Member of the Khyber Pakhtunkhwa Assembly
- In office 13 August 2018 – 18 January 2023
- Constituency: PK-69 (Peshawar-IV)
- In office 31 May 2013 – 28 May 2018
- Constituency: PK-11 (Peshawar-XI)

Personal details
- Born: Swat District, Khyber Pakhtunkhwa, Pakistan
- Party: PTI-P (2023-present)
- Other political affiliations: PTI (1997-2023)
- Occupation: Politician

= Muhammad Ishtiaq Urmar =

Pakistani politician

Syed Muhammad Ishtiaq Urmar is a Pakistani politician from Peshawar who was a member of the Provincial Assembly of Khyber Pakhtunkhwa from May 2013 to May 2018 and from August 2018 to January 2023.

==Political career==
He contested the 1997 North-West Frontier Province provincial election as a candidate of the Pakistan Tehreek-e-Insaf (PTI) from PF-7 Peshawar-VII, but was unsuccessful.
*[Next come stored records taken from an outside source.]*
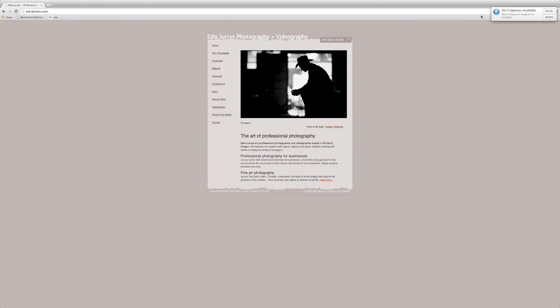Hey everyone, this is Hong, the photo editor at Wonderful Machine, and this is Joey, a designer at Wonderful Machine. So today we're going to look at Edis Yurchis' website.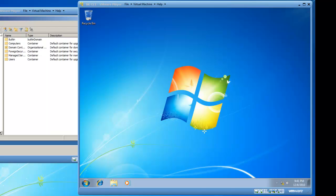Hello, in this video I'm going to show you how to join a Windows 7 operating system to an Active Directory Directory Services domain.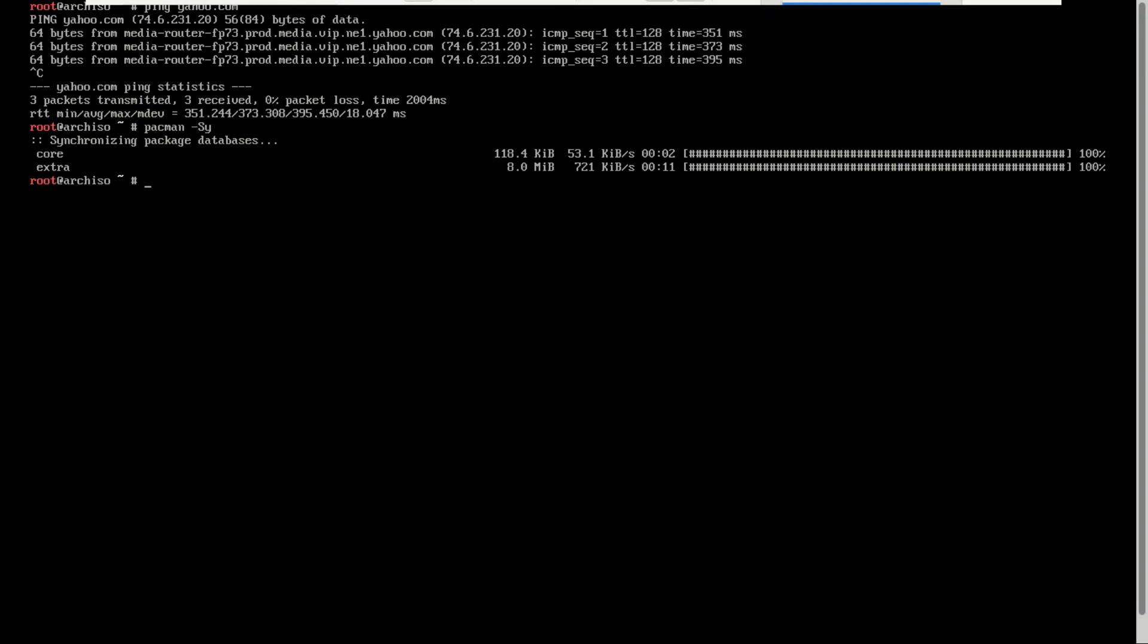Once that's done, you're good to run the script. This command will initialize the package signing keys that Arch Linux uses to verify every package you install. Think of it like setting up your system's signature checker. It makes sure every package you download is authentic and hasn't been tampered with.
He received 2,797 votes and was defeated by Hidayatullah Chamkani, a candidate of the Awami National Party (ANP).

Ishtiaq was elected as the member of the Provincial Assembly of Khyber Pakhtunkhwa as a candidate of the PTI from PK-11 (Peshawar-XI) in the 2013 Pakistani general election. He received 15,153 votes and defeated Khalid Waqar, a candidate of the Jamiat Ulema-e-Islam (F) (JUI(F)).

He was re-elected to the Provincial Assembly as a candidate of the PTI from PK-69 Peshawar-IV in the 2018 Khyber Pakhtunkhwa provincial election. He received 17,652 votes and defeated Arbab Muhammad Usman Khan, an independent candidate.

On 17 July 2023, he left the PTI and joined the Pakistan Tehreek-e-Insaf Parliamentarians (PTI(P).